Pour le Ministère de la Justice, les juges sont de mèche avec les communistes !

 

La réaction du Ministre de la Justice, Pavlo Petrenko, qui avait lancé en juin 2014 la procédure d'interdiction contre le Parti communiste, ne s'est pas faite attendre.

 

Outre le fait que l'affaire pourrait être portée devant un autre Tribunal administratif, il a annoncé le lancement d'une procédure visant à imposer des mesures disciplinaires contre les 10 juges du TA qui pourraient conduire à leur radiation.

 

Selon le Ministre, les juges du TA de Kiev ne sont pas neutres et font le jeu du Parti communiste :

 

« Toutes les preuves ajoutées au dossier nous laissent croire que derrière le refus des juges de traiter l'affaire, et a vu de la composition du Tribunal administratif de Kiev, il y a un élément : ce tribunal, hélas, fait le jeu ou est sous l'emprise du Parti communiste d'Ukraine ».

 

La résistance continue pour défendre les droits démocratiques et sociaux

 

Il ne fait aucun doute que ce nouveau rebondissement jette un discrédit total sur la légalité de la procédure d'interdiction du Parti communiste, confirment les dénonciations par le KPU de l'emploi de méthodes illégales, de la fabrication de preuves pour appuyer des accusations sans fondement.

 

Pourtant, la réaction du pouvoir montre qu'il n'est pas prêt à reculer, quitte à brûler les ponts avec ce qu'il pourrait rester d'Etat de droit en Ukraine.
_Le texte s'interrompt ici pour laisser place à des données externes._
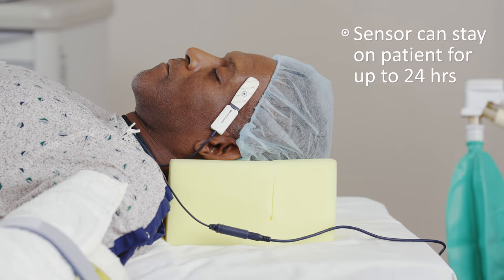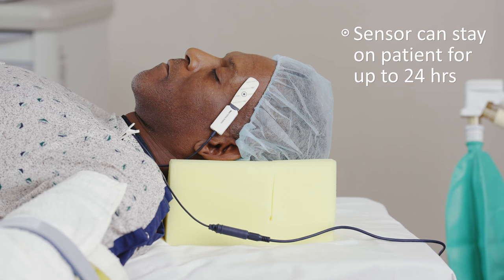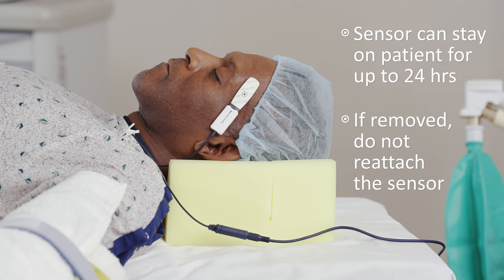The sensor can stay on the patient until it is no longer required to monitor core temperature, up to 24 hours. If monitoring time exceeds 24 hours, a new sensor can be applied. If removed from the patient, the Temple Touch Pro sensor should not be reattached, as it might weaken the adhesive, damage the sensor, or compromise system performance.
Le gouvernement est prêt à lancer une épuration de l'appareil d'Etat, jusque dans sa branche judiciaire.

 

Dans cette lutte, la seule force nationale de masse qui refuse la main-mise des oligarques sur le pays, les plans d'austérité imposés par le FMI et la logique d'intégration européenne, les ingérences des grandes puissances capitalistes, les discriminations contre des millions d'Ukrainiens : c'est le Parti communiste.

 

C'est pourquoi il subit depuis un an cette vague de répression inédite, chaque militant endure intimidations verbales, violences physiques, poursuites devant les tribunaux, arrestations sans fondement. Et pourtant, il résiste, et ce dernier rebondissement judiciaire prouve encore une fois que la justice et la vérité sont de son côté. Solidarité avec nos camarades !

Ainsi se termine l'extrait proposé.